Its finesse also makes champagne an excellent choice of wine for Christmas Day dinner, said Mr Robinson.

“Champagne or a good sparkling wine goes well with any type of food,” he said.

“You can start with it, with the soup, and still be drinking it when it’s time for dessert. Its acidity and fine, tiny little bubbles cleanse the palate.”

Rose champagne is currently in vogue, added Mr Robinson.

“Rose is very popular now. It’s a phenomenon that has really taken place in the past five years.

“Laurent-Perrier is the most popular rose champagne in the world, but it’s $95.25 a bottle.”

A bottle of champagne at Burrows Lightbourn will cost from $45-100 but a bottle of rose champagne will cost $60-100.

“Rose is more difficult to make, to get the colour and the flavour just right,” said Mr Robinson.

“All grapes have a clear juice, hence white wine.

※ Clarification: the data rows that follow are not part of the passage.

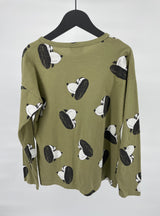 Bobo Choses Longsleeve Groen Honden Print Maat 140 / 146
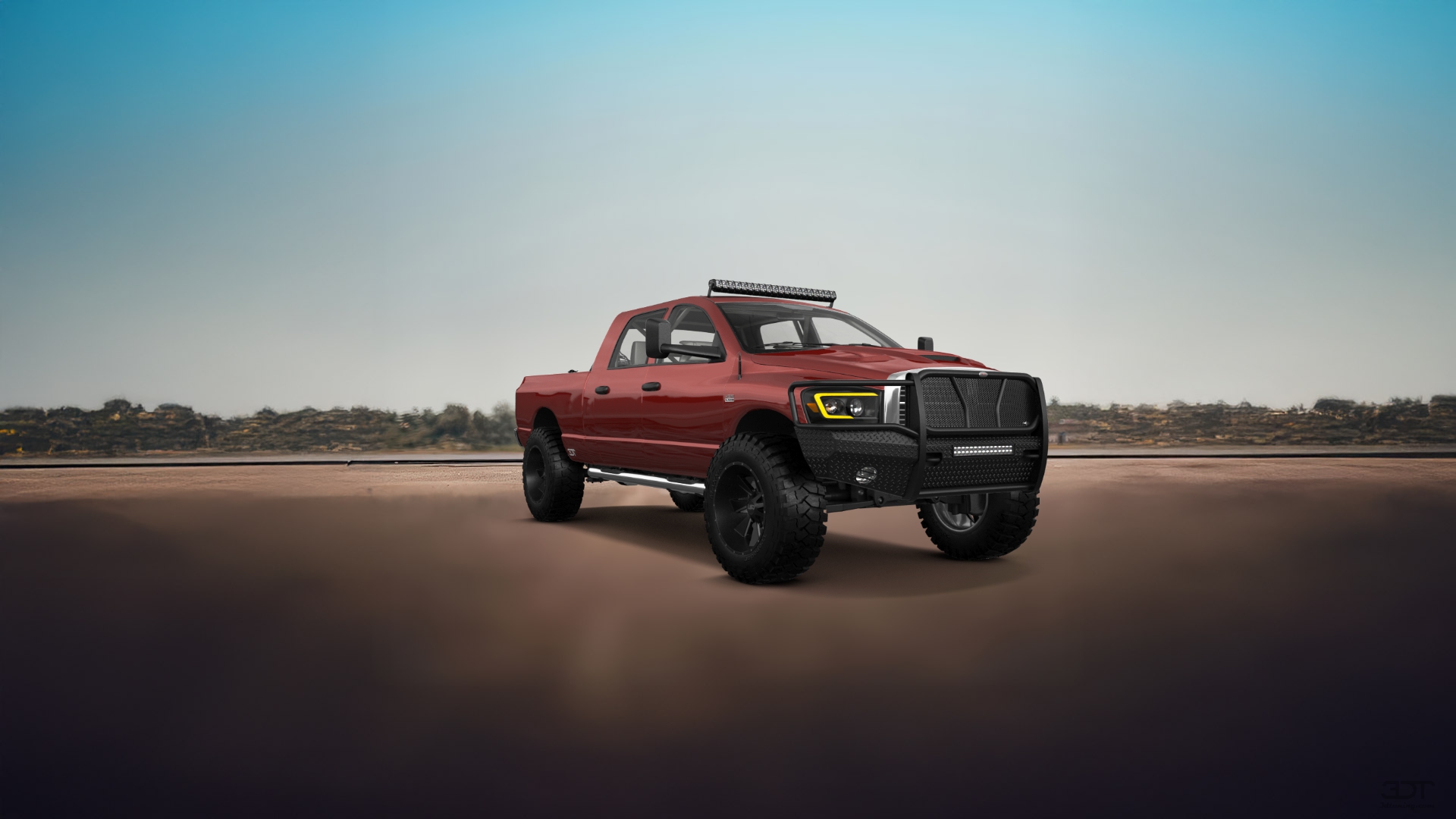 Dodge Ram 2500 4 Door pickup truck 2007 tuning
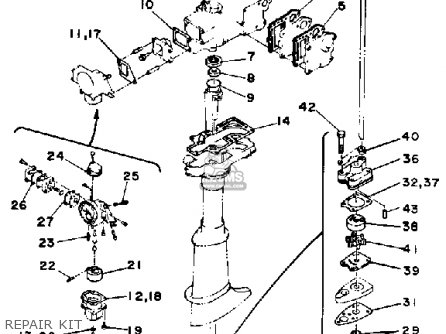 Yamaha 4G 1988 parts lists and schematics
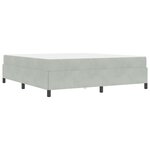 vidaXL Cadre de lit Autre Blanc et gris clair 180 x 200 cm Velours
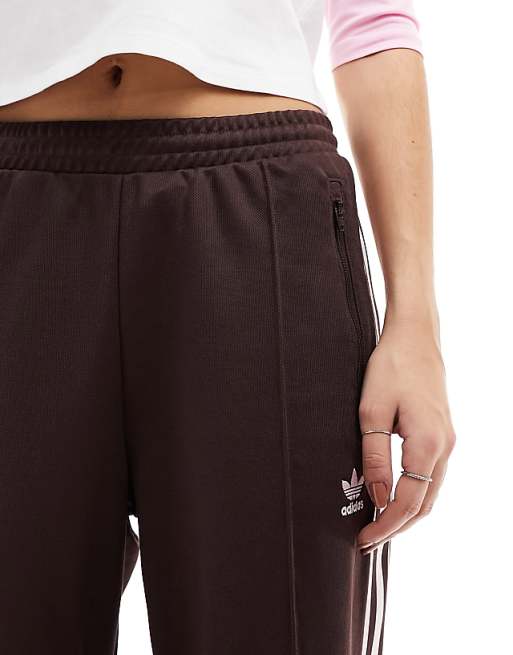 adidas Originals Classics track pants in brown and pink | ASOS adidas Originals Classics track pants in brown and pink | ASOS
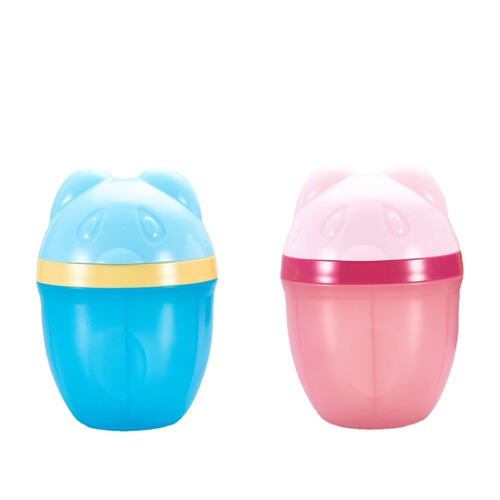 Three-layer portable milk powder box, three-layer milk powder compartment newborn milk powder storage box, three-compartment rotating milk powder box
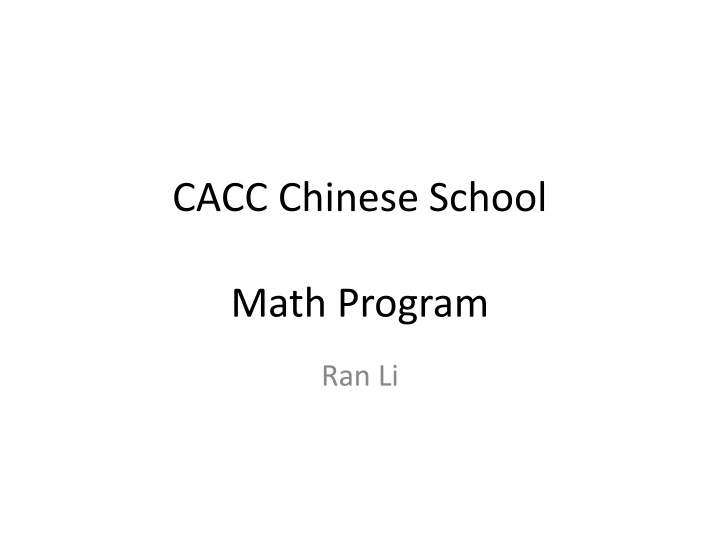 cacc chinese school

But for a rose or a red wine, you have to let the grapes sit in their skins and tannins.

“The colour comes from the skin of the grape, which ‘tans’ the juice and makes it a darker wine.

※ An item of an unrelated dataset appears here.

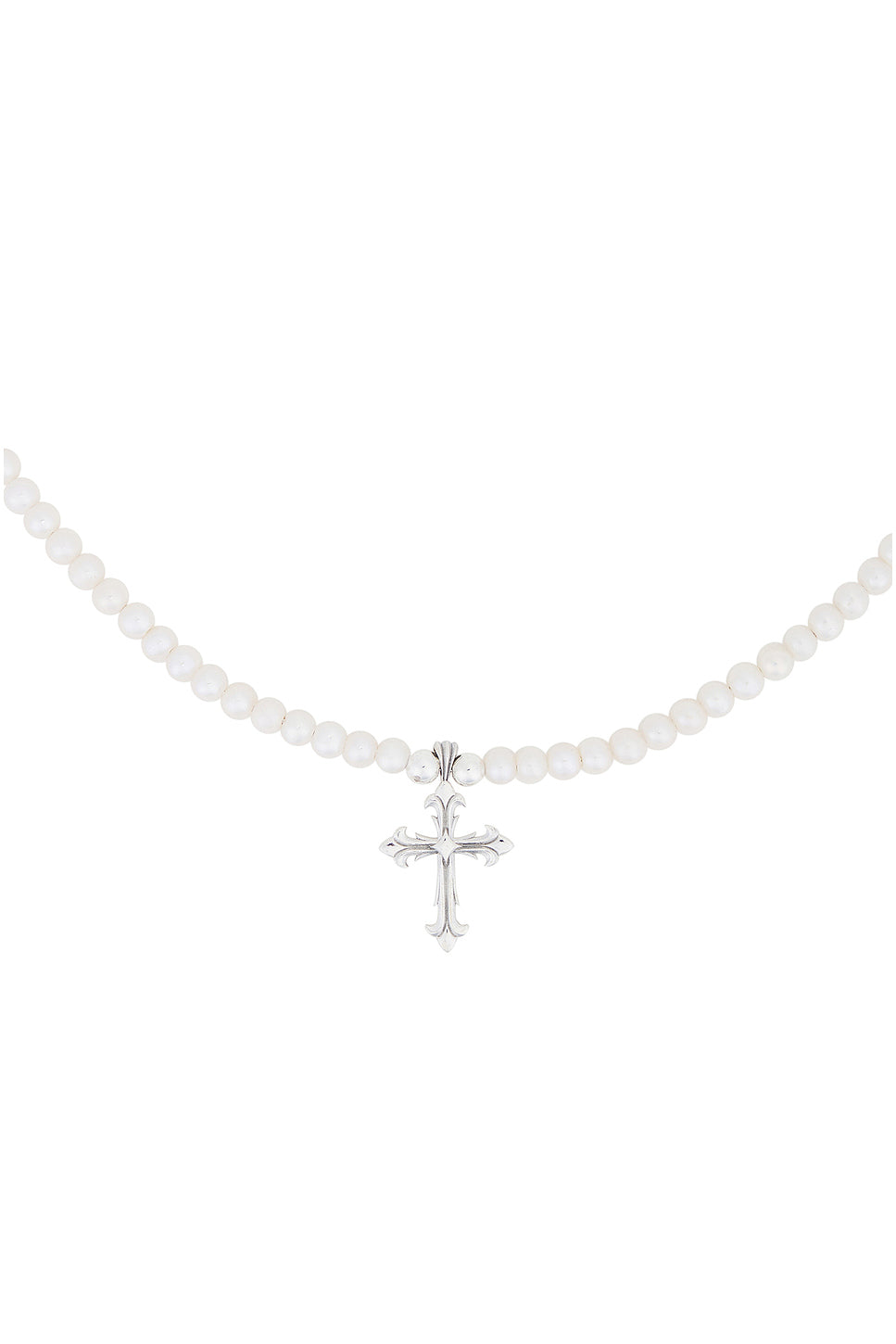 Pearl Necklace With Cross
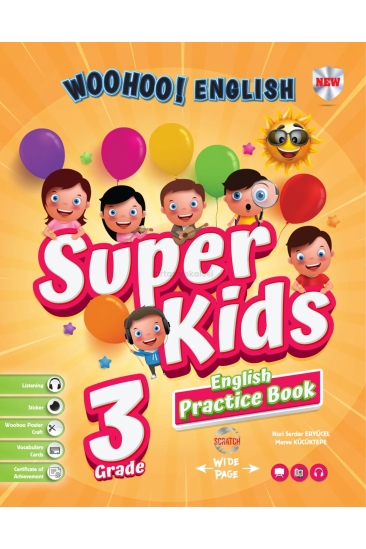 Kırmızı Beyaz Yayıncılık 3. Sınıf Woohoo! English Super Kids (Practice Book+ Workbook + Unit Test Book)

“If you take away the skins straight away you will get a clear, white wine.

“So to get a rose you have to leave the juice in the darker grape skins for a few hours, to extract the colour.”

In rose champagne’s case, this would be the pinot noir grapes.

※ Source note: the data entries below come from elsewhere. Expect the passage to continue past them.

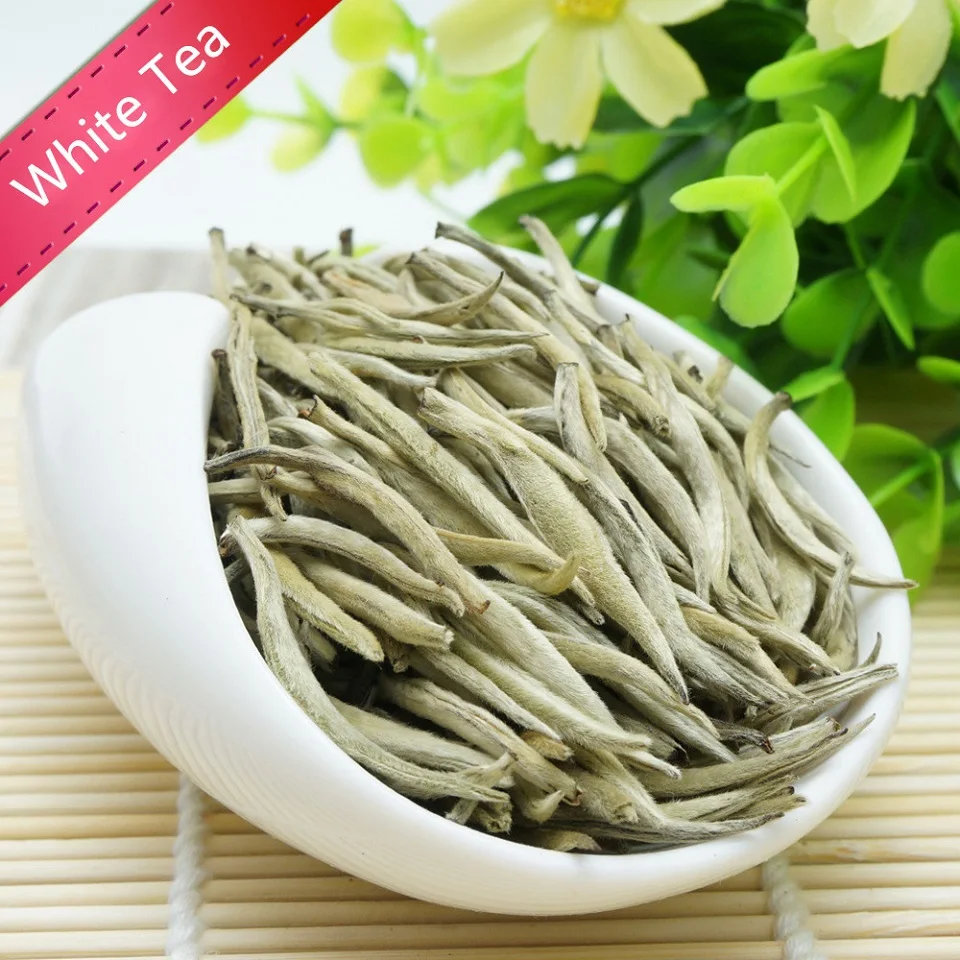 

250 г белый китайский чай Bai Hao Yin Zhen белый чай Серебряный игольчатый чай для веса Свободный чай натуральный органический красивый здоровый ча...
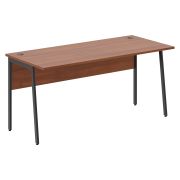 Стол рабочий IMAGO PLUS СП-4P, орех французский/антрацит, 1600х720х755 мм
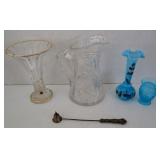 Cut Glass & Other Vases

But whether you opt for rose champagne, champagne, Spanish cava, Italian prosecco or another sparkling wine, this comes down to your budget, the number of guests and taste.

“Do you and your friends appreciate a good champagne or would you prefer something which just goes ‘pop’ and is festive?,” said Mr Robinson.

“It comes down to budget at the end of the day.”

He also recommends  sipping champagne from a regular white wine glass rather than the traditional tall, thin flutes.

“The wine tastes better and smells better,” said Mr Robinson.

“You can appreciate the flavours and aromas more in a regular wine glass rather than in a flute.

“This is what science reports are stating, and I feel that drinking champagne may soon be done in regular wine glasses within a few years’ time.”

Whatever your tastes, the staff of Burrows Lightbourn are happy to assist you in your holiday wine selection.